Теперь я уже знаю, что определило название этой главы: воспоминание, которому более двадцати лет.
В шестидесятых годах мне было предложено написать для музыкального журнала очерк о песнях Шумана. Недавно я перечитывал сохранившийся черновик; он сильно отличается от окончательного, более «обтесанного» варианта. Я был тогда во власти колдовского стихотворения Гейне, первые строки которого я только что приводил. Оно не выходило у меня из головы, пока я набрасывал свою заметку о песнях Шумана.
«До тридцати лет, — писал я, — Шуман сочинял только для фортепиано, никогда ни в чем не повторяясь, и его друзья думали, что он, подобно Шопену, останется певцом одного инструмента. Он долго дышал этим воздухом. Но вскоре мир фортепиано стал тесен для него, и наступила очередь песен.
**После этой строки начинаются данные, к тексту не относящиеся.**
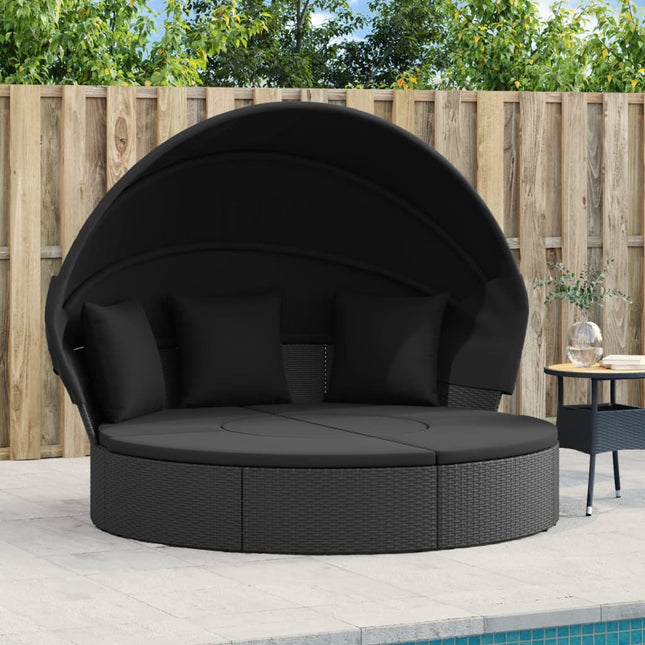 Lit de repos d'extérieur rond avec auvent et coussins en résine tressée noire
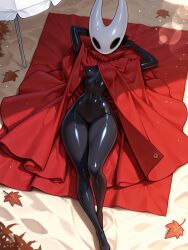 1girls ai_generated beach black_body black_bodysuit black_latex bodysuit breasts female female_only hollow_knight hollow_knight:_silksong hollow_knight_(franchise) hornet_(hollow_knight) insects latex latex_clothing latex_suit looking_at_viewer lying_on_back mask masked_female nipples no_panties nude peya png red_coat shiny_clothes solo tight_clothing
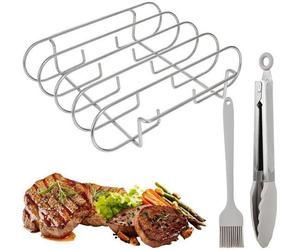 Support pour côtes en acier inoxydable Unyqoos® avec accessoires pour barbecue : design à double colonne, comprenant une brosse en silicone résistante à la chaleur et une pince en acier inoxydable, id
„Я хотел бы допеться до смерти, как соловей…“» Эти слова, напугавшие — его молодую жену, имели глубокий смысл. Жизнь соловья — это песня, такова и жизнь художника. Может быть, потому она и коротка.
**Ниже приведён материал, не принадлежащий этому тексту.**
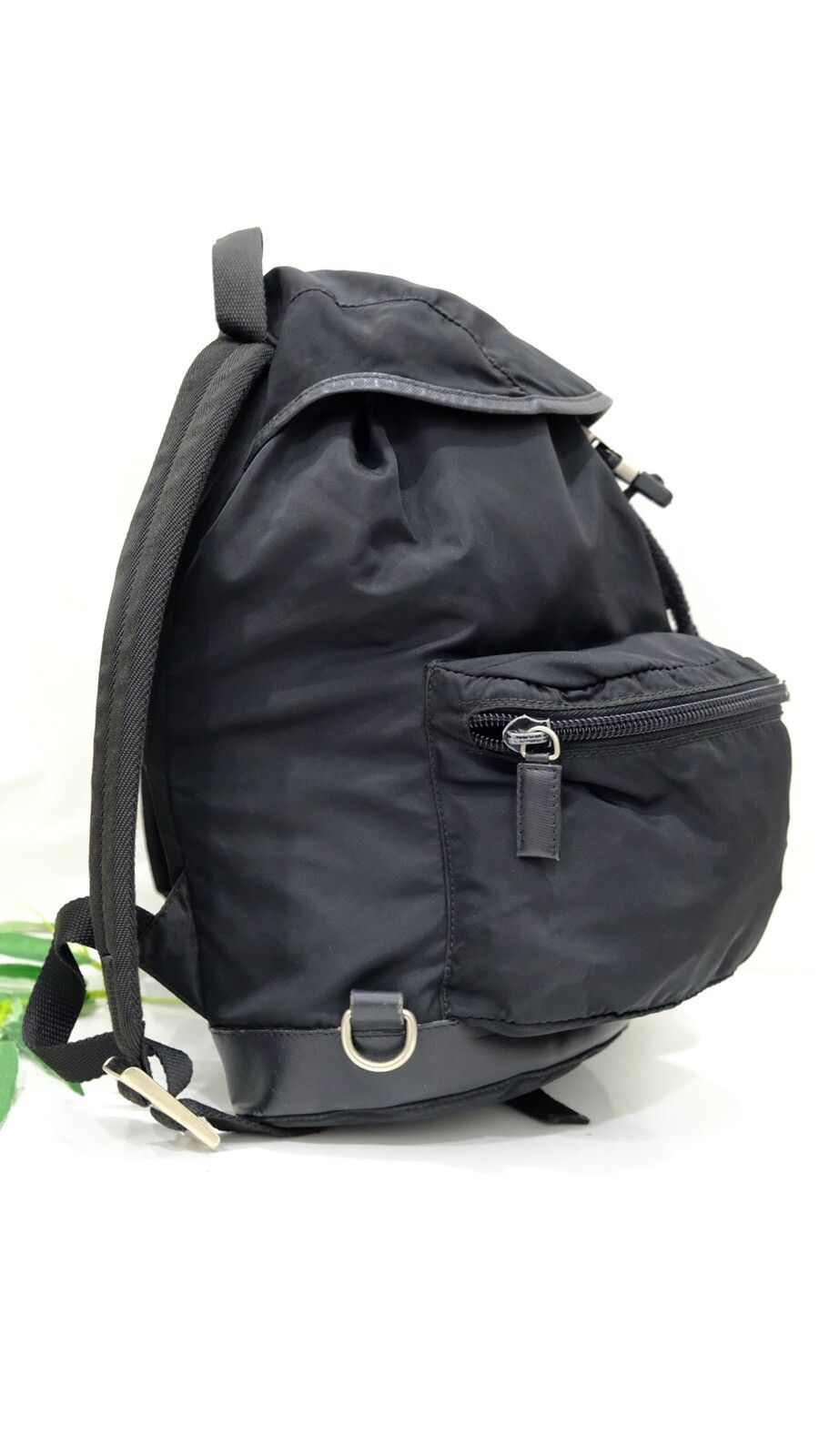 Authentic prada backpack Black Nylon Double pocket - 4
В год своей женитьбы Шуман написал сто тридцать восемь песен для голоса и фортепиано. Он и в дальнейшем писал их, но они чередовались с другими сочинениями, главным образом крупными. Но в том счастливом сороковом году, когда началась «пора песен», он не хотел знать ничего другого. В человеческом голосе для него открылся источник вдохновения, как прежде — в одном лишь фортепиано.
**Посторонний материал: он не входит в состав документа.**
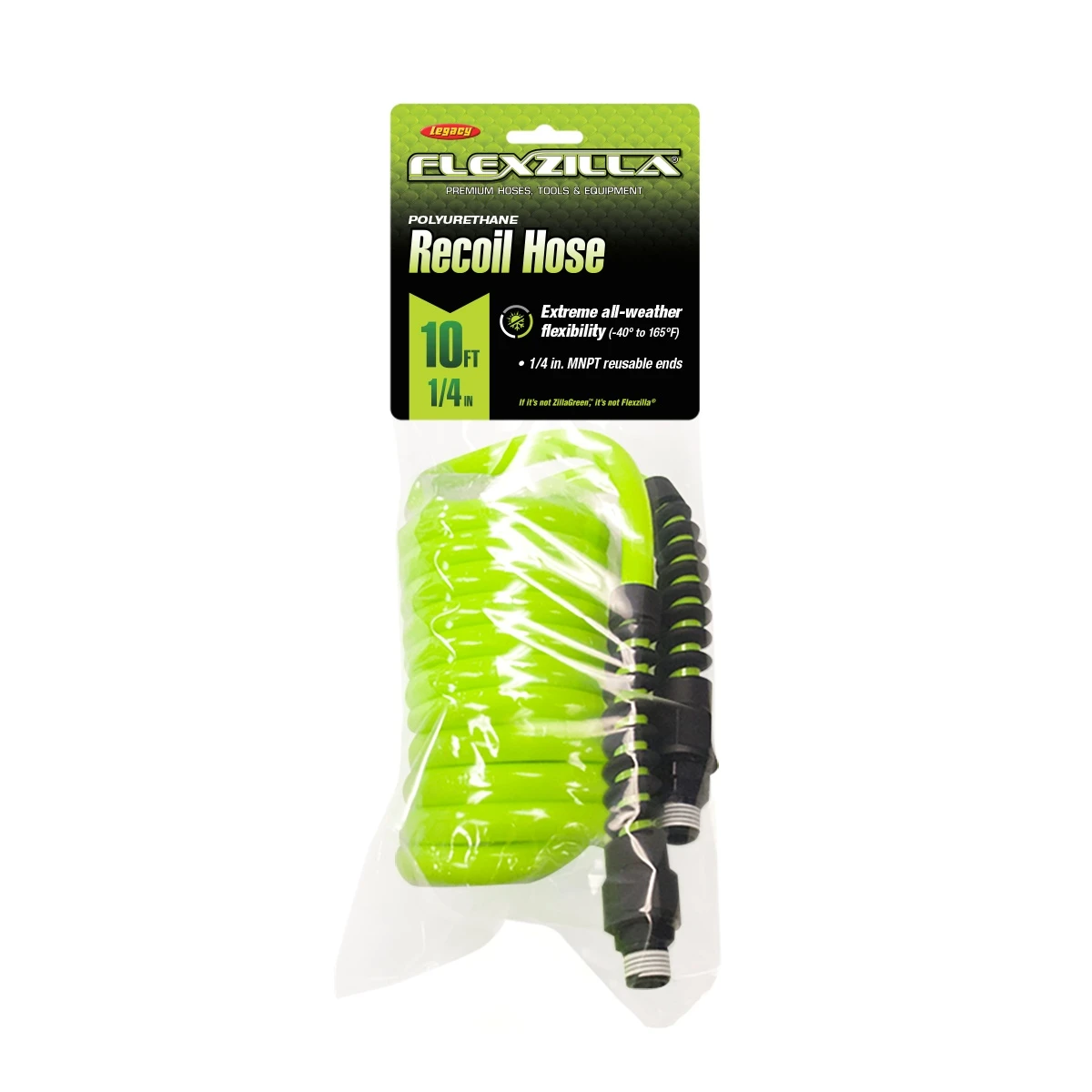 Flexzilla PU Recoil Air Hose 1/4" X 10' 1 Flexzilla PU Recoil Air Hose 1/4" X 10'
«Когда я думаю о песнях Шумана, — писал я далее, — мне всегда вспоминается одна из них, написанная на слова его любимого Гейне. „На взморье вечером“ — так Шуман назвал ее. Люди сидят у рыбачьей хижины, смотрят, как зажегся и мерцает маяк вдали, как на море показывается парус, и толкуют между собой о разных странах и разных людях.
Над Гангом звон и щебет.
Гигантский лес растет.
Пред лотосом клонит колени
Прекрасный и гордый народ…
И мне представляется, что песни Шумана — это дивные и диковинные рассказы обо всем человеческом, достойном внимания и сочувствия. О природе, всегда живой и мудрой, всегда отзывчивой, о крылатой весенней ночи — вестнице счастья, о листьях орешины, которые шепчутся в саду…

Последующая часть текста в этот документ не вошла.